# Your assignment
Lines from the one containing "Homeschooling numbers growing" to the end of the records, both ends included and exactly as written, are the whole answer, and no pictures go in it.

(Stored data entries)

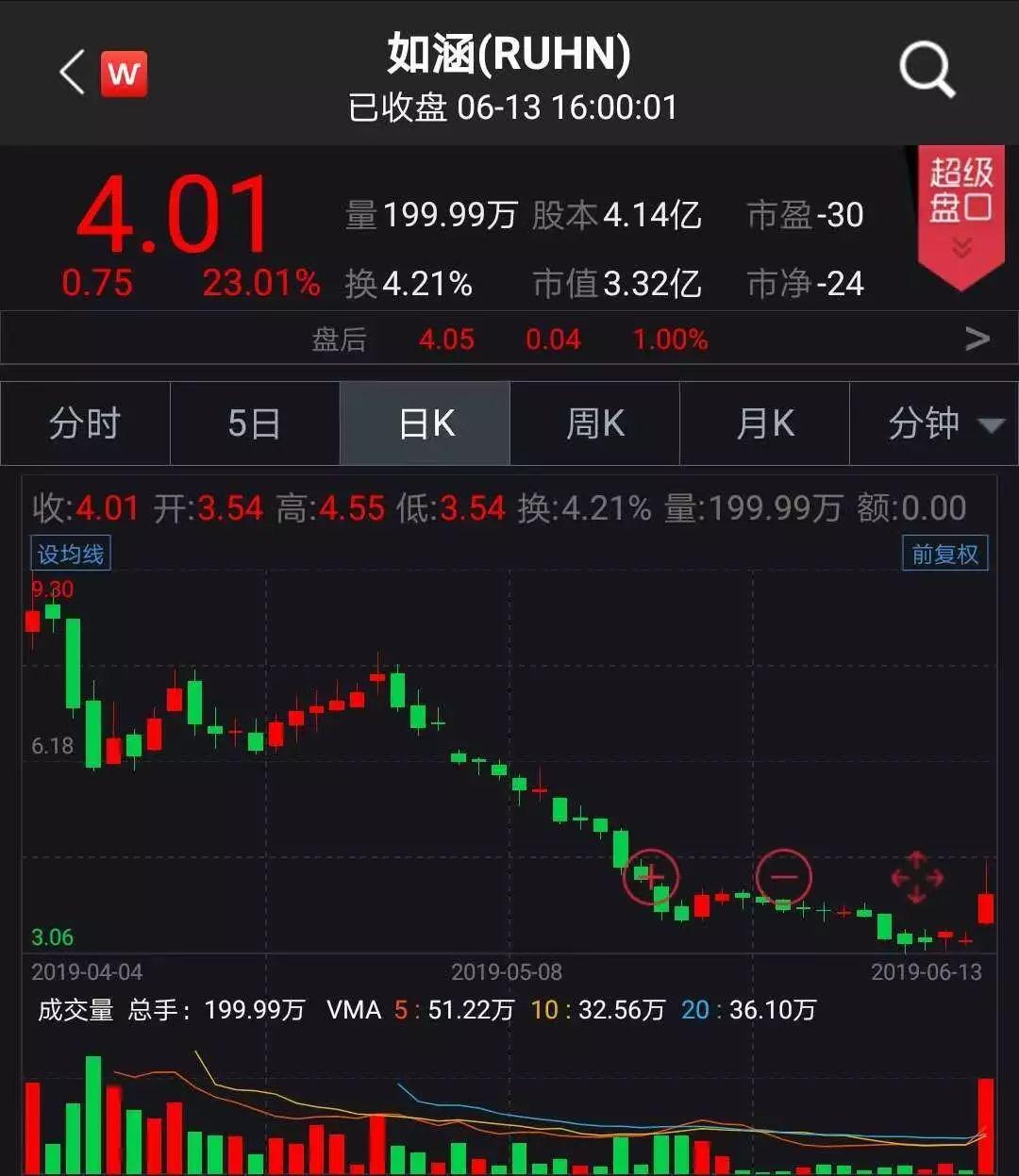 京東借殼上市背后的變化、學(xué)習(xí)與自信的力量
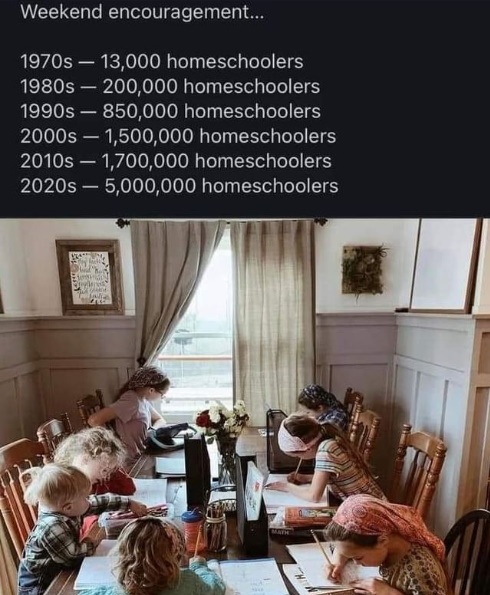 Homeschooling numbers growing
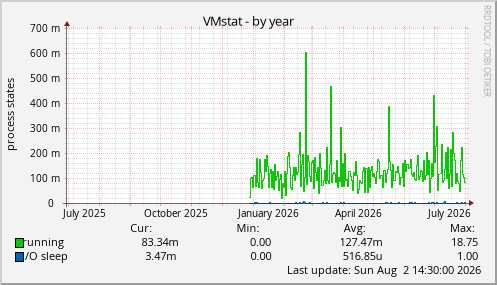 VMstat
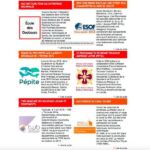 akroweb webmaster freelance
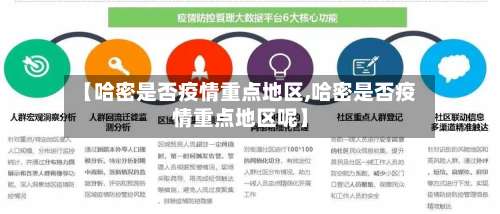 【哈密是否疫情重点地区,哈密是否疫情重点地区呢】-第1张图片
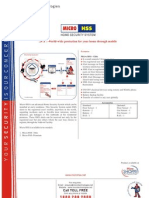 Micro HSS - Home Security System with Global SMS Alerts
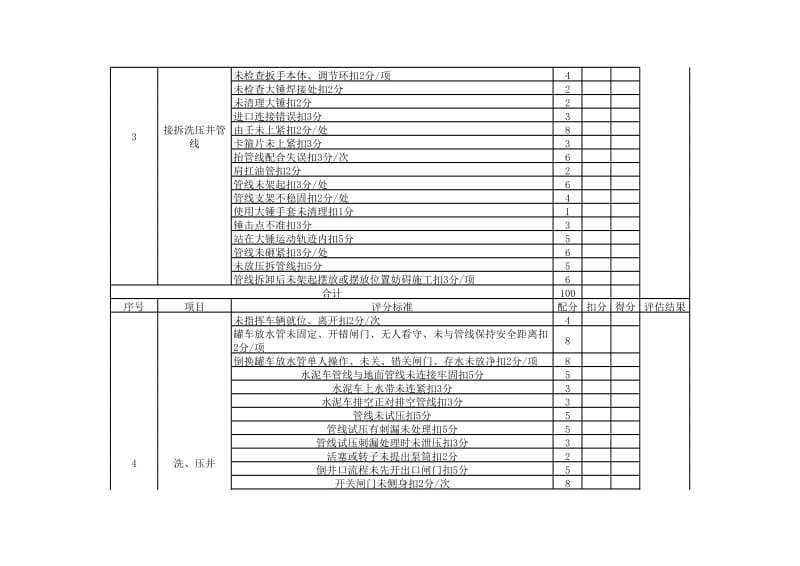 hse基本能力评估考核表(实际操作).xls_第3页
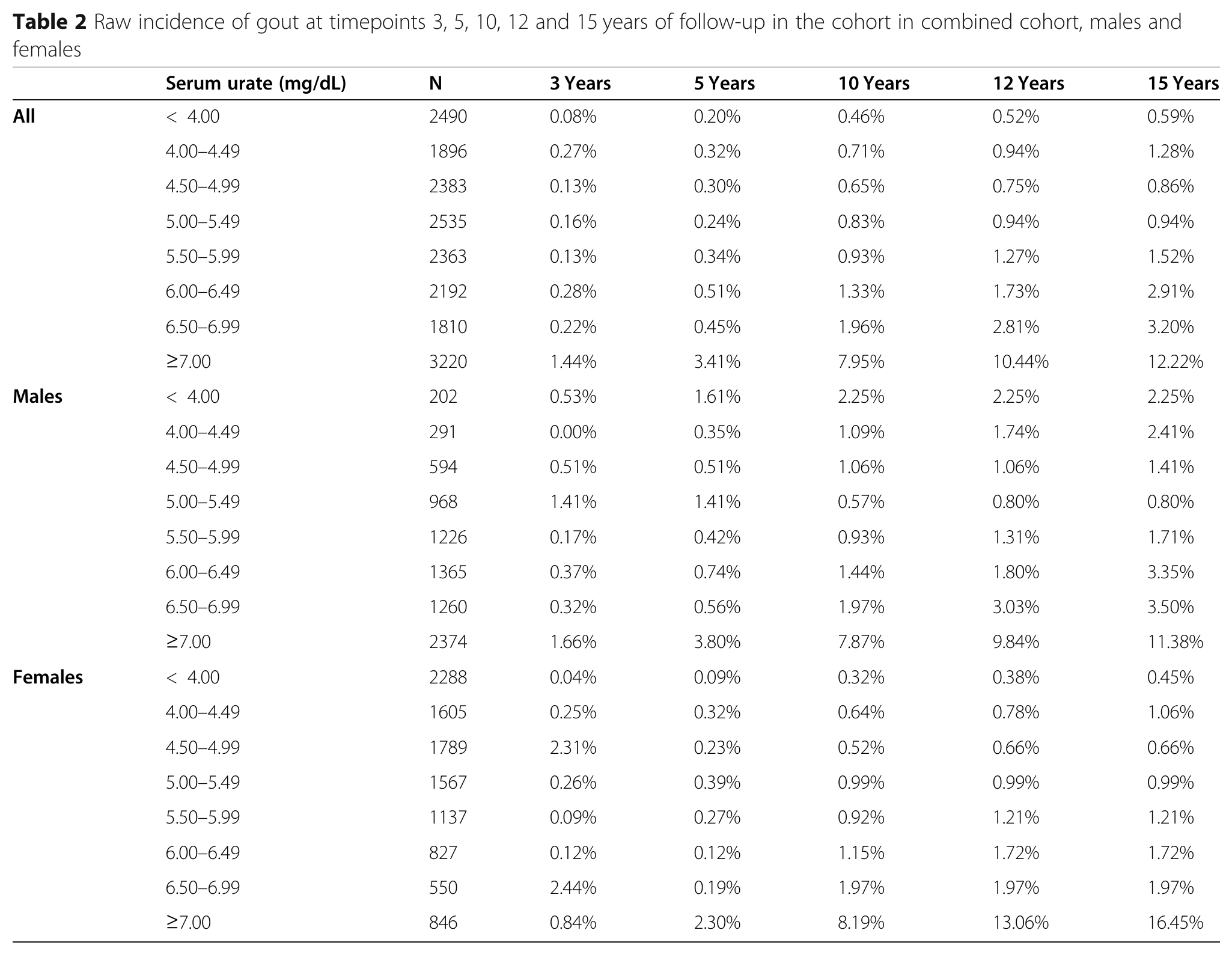 BMC Rheumatology 2021년 게재 논문 Table 2의 요산 구간별 3년·5년·10년·12년·15년 통풍 발생률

# Task response
 Homeschooling numbers growing
 VMstat
 akroweb webmaster freelance
 【哈密是否疫情重点地区,哈密是否疫情重点地区呢】-第1张图片
 Micro HSS - Home Security System with Global SMS Alerts
 hse基本能力评估考核表(实际操作).xls_第3页
 BMC Rheumatology 2021년 게재 논문 Table 2의 요산 구간별 3년·5년·10년·12년·15년 통풍 발생률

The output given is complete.